:: Description of the task ::
Output the data word for word, dropping every image.

:: Dataset records ::
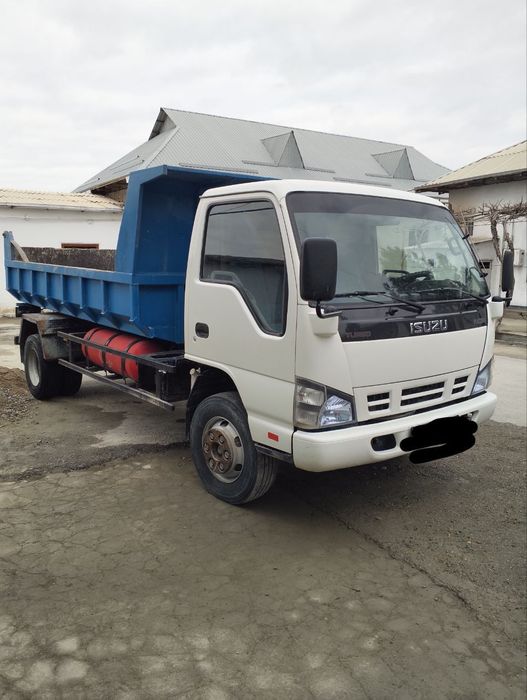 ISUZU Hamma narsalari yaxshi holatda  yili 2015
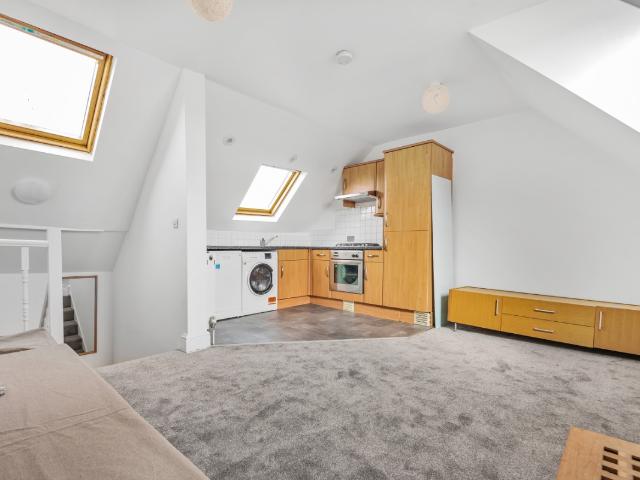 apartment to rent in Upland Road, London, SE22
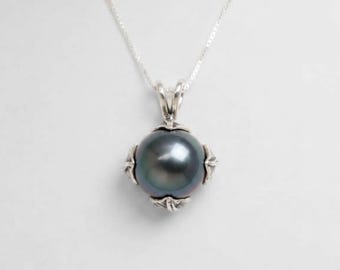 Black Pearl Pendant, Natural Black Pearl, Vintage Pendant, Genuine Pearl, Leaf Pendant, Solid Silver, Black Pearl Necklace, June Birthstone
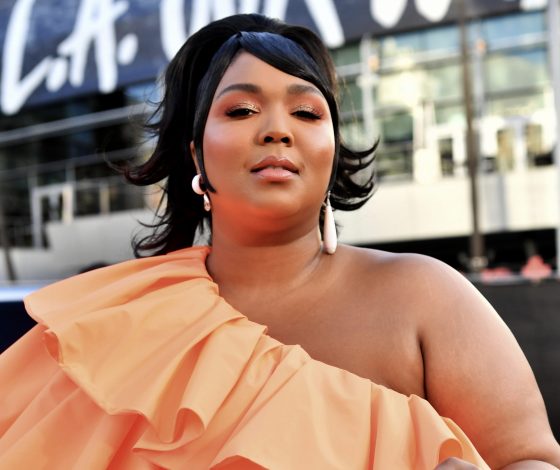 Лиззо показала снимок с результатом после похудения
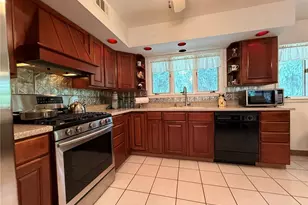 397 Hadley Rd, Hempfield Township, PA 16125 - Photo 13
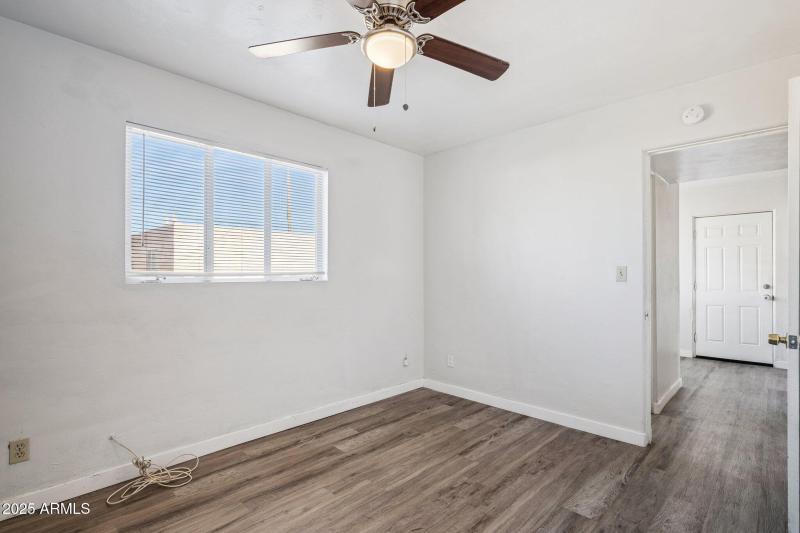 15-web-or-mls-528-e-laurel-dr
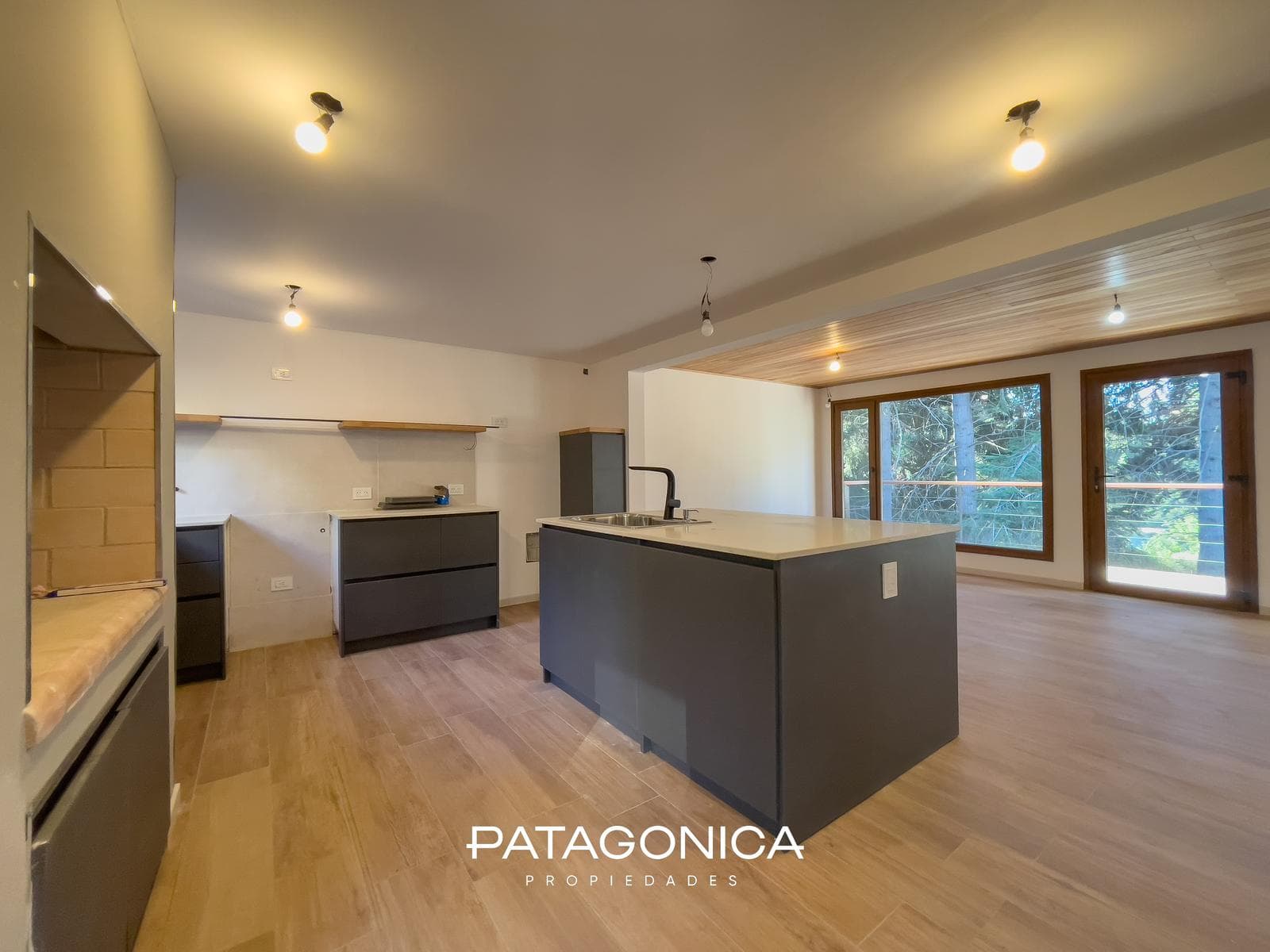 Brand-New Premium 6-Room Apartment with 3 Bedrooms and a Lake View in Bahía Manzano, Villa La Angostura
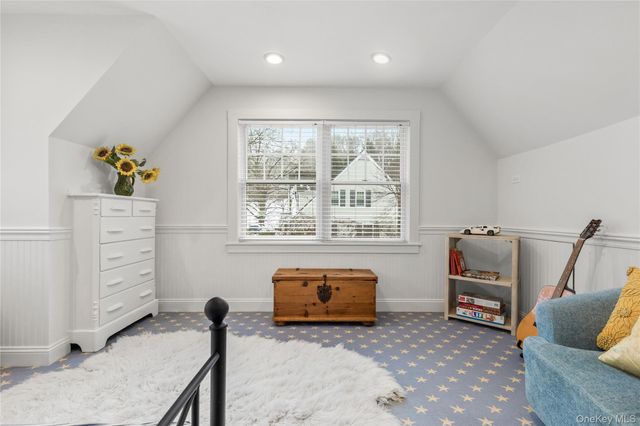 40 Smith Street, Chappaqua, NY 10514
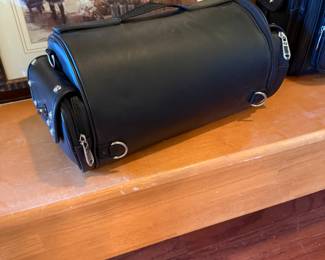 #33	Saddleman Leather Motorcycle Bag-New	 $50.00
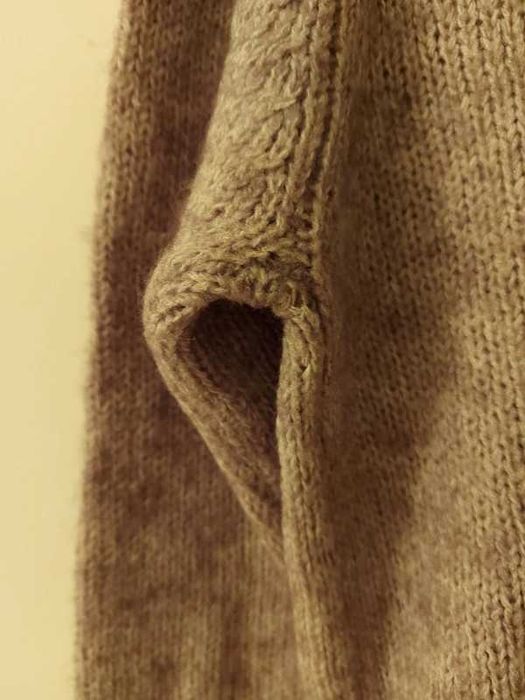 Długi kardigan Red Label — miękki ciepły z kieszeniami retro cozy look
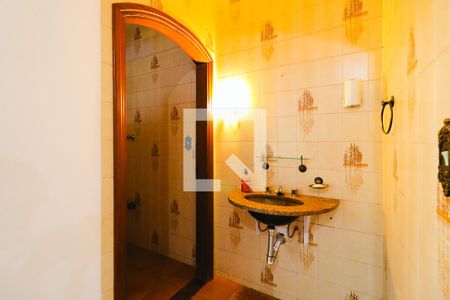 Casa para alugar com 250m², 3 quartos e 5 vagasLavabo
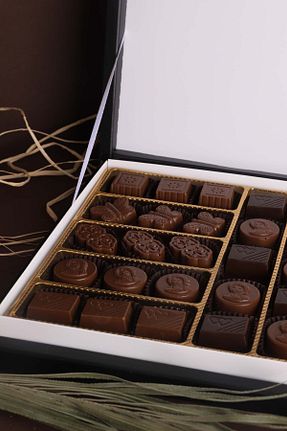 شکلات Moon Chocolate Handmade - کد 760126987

:: Exercise solution ::
 ISUZU Hamma narsalari yaxshi holatda  yili 2015
 apartment to rent in Upland Road, London, SE22
 Black Pearl Pendant, Natural Black Pearl, Vintage Pendant, Genuine Pearl, Leaf Pendant, Solid Silver, Black Pearl Necklace, June Birthstone
 Лиззо показала снимок с результатом после похудения
 397 Hadley Rd, Hempfield Township, PA 16125 - Photo 13
 15-web-or-mls-528-e-laurel-dr
 Brand-New Premium 6-Room Apartment with 3 Bedrooms and a Lake View in Bahía Manzano, Villa La Angostura
 40 Smith Street, Chappaqua, NY 10514
 #33	Saddleman Leather Motorcycle Bag-New	 $50.00
 Długi kardigan Red Label — miękki ciepły z kieszeniami retro cozy look
 Casa para alugar com 250m², 3 quartos e 5 vagasLavabo
 شکلات Moon Chocolate Handmade - کد 760126987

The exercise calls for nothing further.